This is a short note about how I set up my "data scientist" environment. Different people have different tastes, but what I use, and what I set up is:
- conda for environment and package management (equivalent to virtualenv and pip to say)
- Latest Python (yes, Python 3)
- Jupyter (aka IPython notebook)
- Disable all the autocomplete quotes and brackets stuff, that comes by default with Jupyter
- Set the IPython backend for matplotlib
So, we download Anaconda from: https://www.continuum.io/downloads (Linux 64 bits, Python 3, in my case). We install it by:
bash Anaconda3-2.4.1-Linux-x86_64.sh
We can either restart the terminal, or type the next command, so we start using conda environment:
. ~/.bashrc
We can update conda and all packages:
conda update conda && conda update --all
Then we create a new conda environment (this way we can change package versions without affecting the main conda packages). We name it myenv and specify the packages we want (numpy, pandas...).
conda create --name myenv jupyter numpy scipy pandas matplotlib scikit-learn bokeh
We activate the new environment:
source activate myenv
Now we have everything we wanted installed, let's change the configuration.

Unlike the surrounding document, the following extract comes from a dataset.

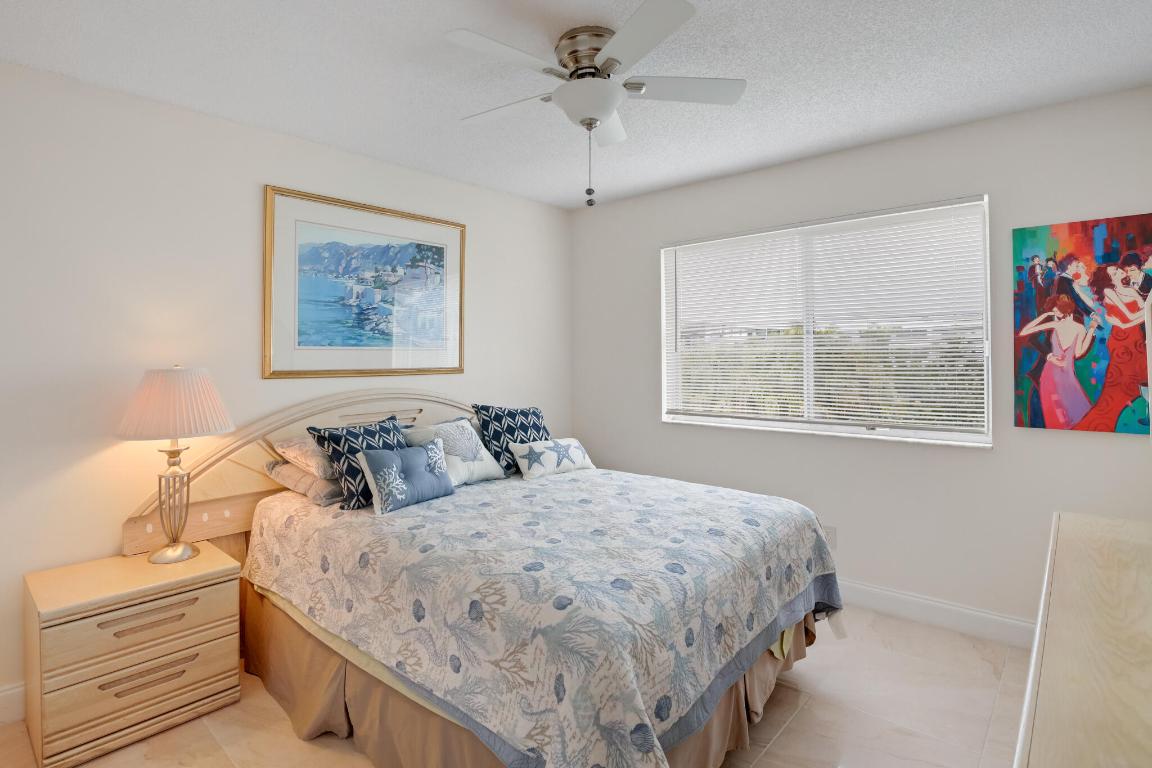 HAMLET AT POINCIANA CONDO - Residential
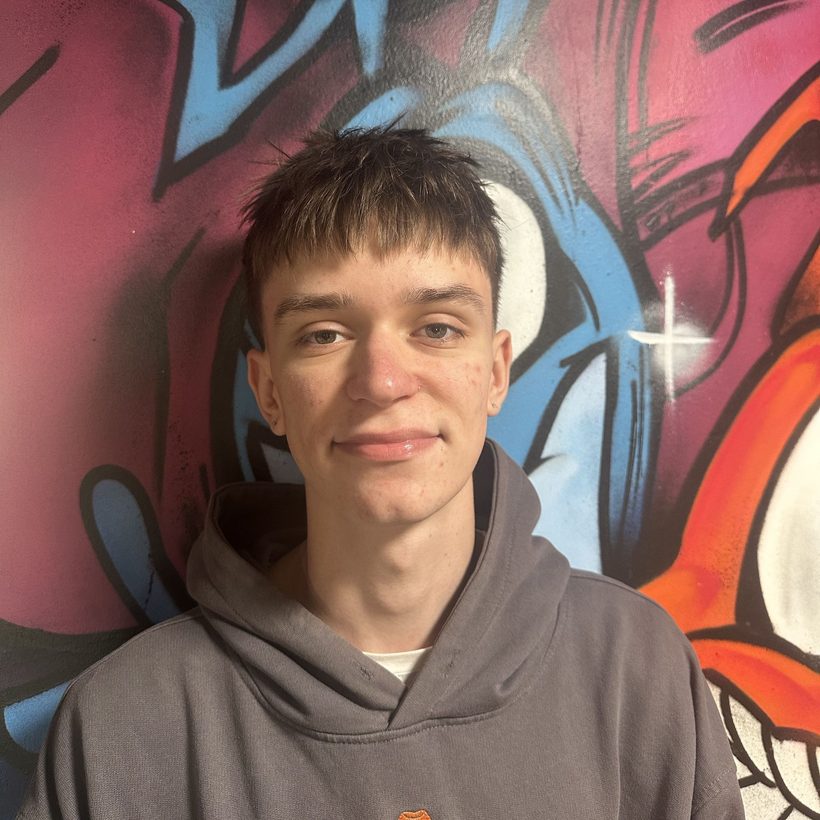Gracjan — Barber w The Wąs Barber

We start by creating a default ipython profile.
ipython profile create
Then we edit the file ~/.ipython/profile_default/ipython_kernel_config.py and we add the next lines to make matplotlib display the images with the inline backend, and with a decent size:
c.InteractiveShellApp.matplotlib = 'inline' c.InlineBackend.rc = {'font.size': 10, 'figure.figsize': (18., 9.), 'figure.facecolor': 'white', 'savefig.dpi': 72, 'figure.subplot.bottom': 0.125, 'figure.edgecolor': 'white'}
To disable autoclosing brackets, run in a notebook:
from notebook.services.config import ConfigManager c = ConfigManager() c.update('notebook', {"CodeCell": {"cm_config": {"autoCloseBrackets": False}}})